Getting Things Done vs Getting Things Done

I like to judge my success by how much I can accomplish in a day, though “plow through” is probably a more apt description.  Make the list and start checking things off.  Hope that there aren’t too many interruptions -- emails and phone calls from pesky clients, requests for pick up after practice from the kids, uncontrollable urges to surf the web, trips downstairs to refill the coffee or go to the bathroom.

All these things (and more) get in the way of the work I tell myself I need to do.  And when there are too many of these distractions, I tell my wife at the end of the day, “I just don’t know where the time went or what I did all day.  I sure was busy, but I didn’t get anything done.”

Does this happen to you too?

One day, after a particularly robust evening of complaining about my circumstances, I decided I’d try an experiment:  I would consider whatever I was doing to be exactly what I was “supposed to be doing” at that moment.  Sure, I still had a list and pretty high expectations for what the day would be, but all that was tempered by taking a more holistic view of my reality.

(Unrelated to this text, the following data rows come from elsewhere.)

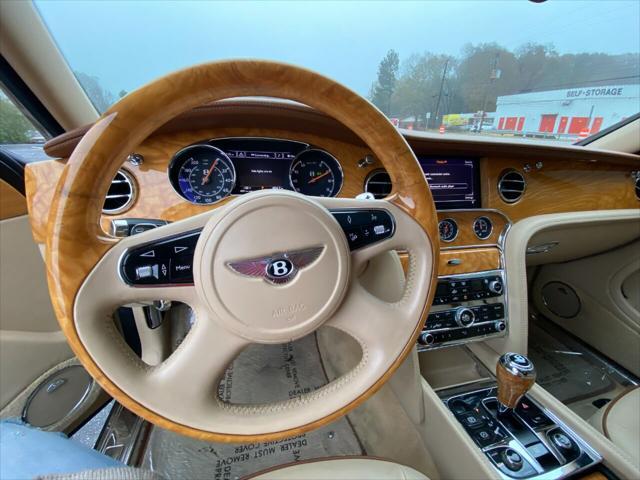 Photo of 2013 Champagne Bentley Mulsanne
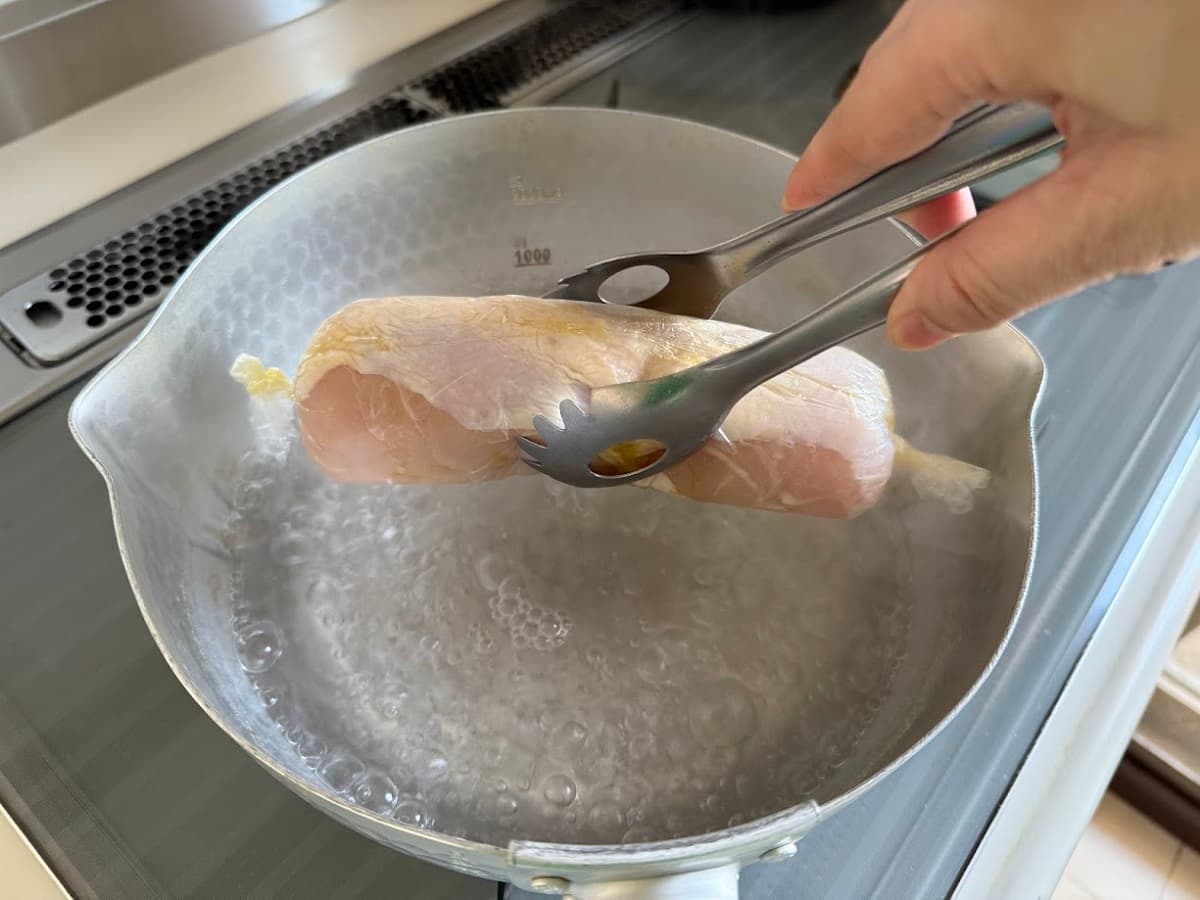 沸騰したお湯で茹でる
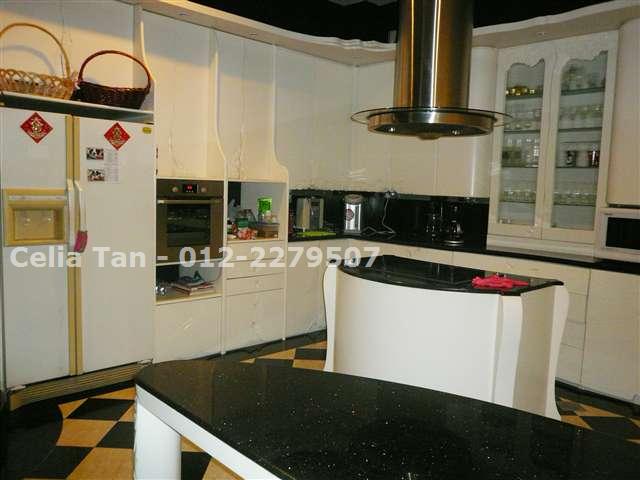 Dry Kitchen Area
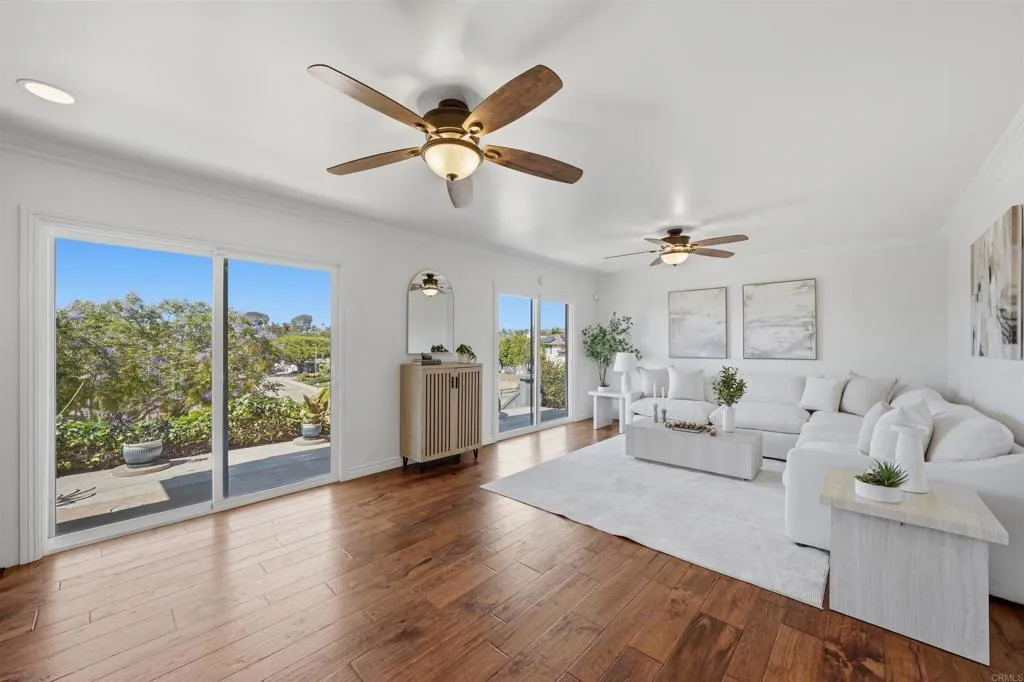 https://cdn.realtyfeed.com/cdn/127/306714137/f95c5ba39ccf5eb84cb3b9d4767adc4d.webp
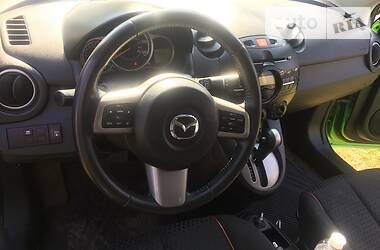 Хэтчбек Mazda 2 2010 в Чернигове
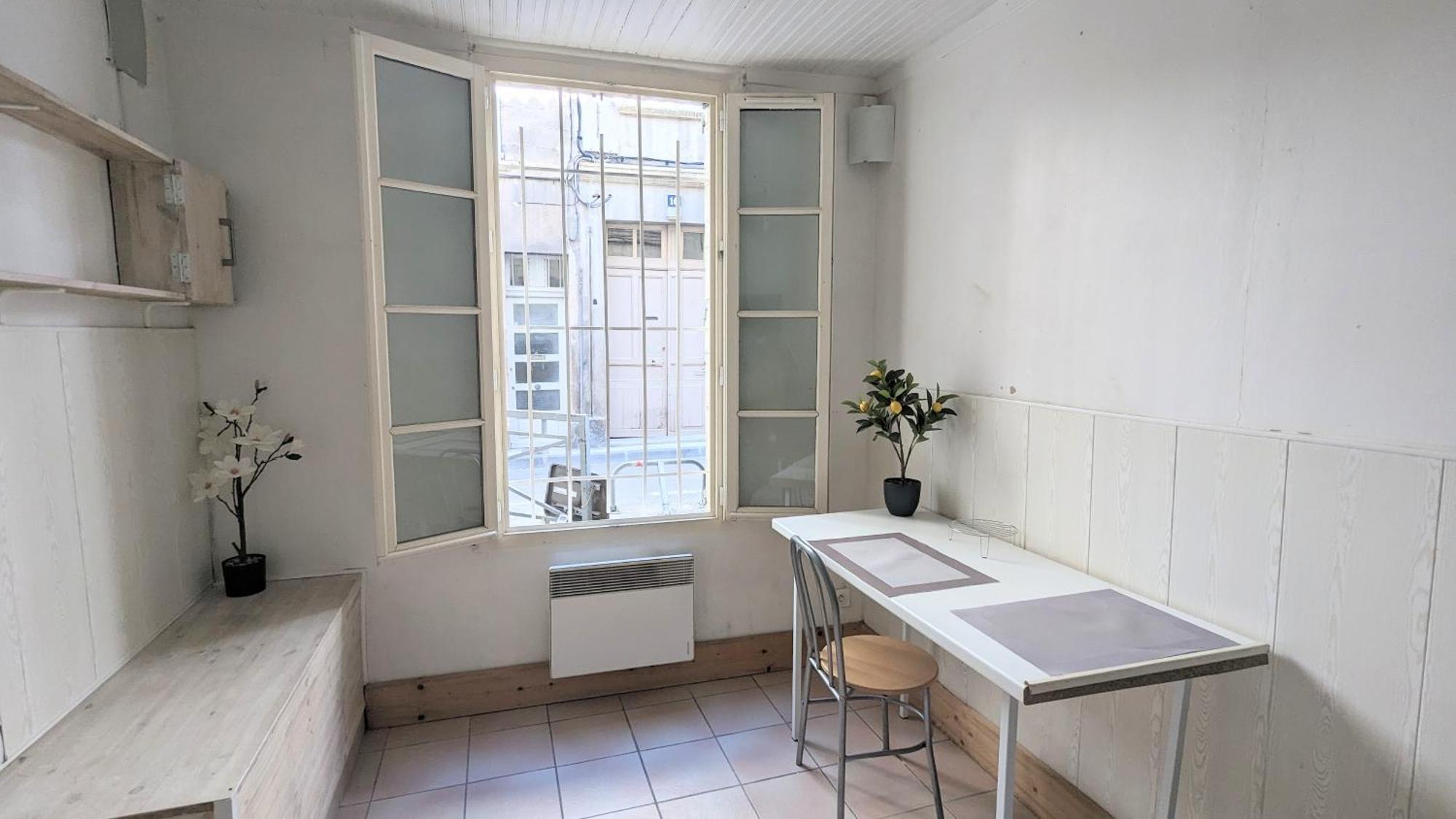 Hypercentre, Place Pie, Residence Amphoux Charmants Appartements Ou Studio Proche De La Gare Parkings Et Palais Des Papes 亞維農 外观 照片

To my relieved surprise, going to my daughter’s track meet was suddenly much more enjoyable.  Spending an entire Saturday watching the kids’ crew regatta wasn’t an obligation that was taking me away from what I needed to be doing.  Walking the dog when he asked (yes, he does!) wasn’t an unwelcome interruption.

What made the difference?  It’s almost too trite, but really, it was choice awareness.  The acknowledgement that pretty much everything in my day is up to me -- not only what I do, but how I choose to feel about what I do.  This last is the more important bit, by far.

I can pay attention differently when I recognize that my choices are my own and I am intentional about them.  Meaning I can allow myself to be in the moment, guilt free most of the time.

“Most of the time”, because the organizational assessment still needs to be written and the proposal still needs to be edited.  This isn’t a fairy tale, after all.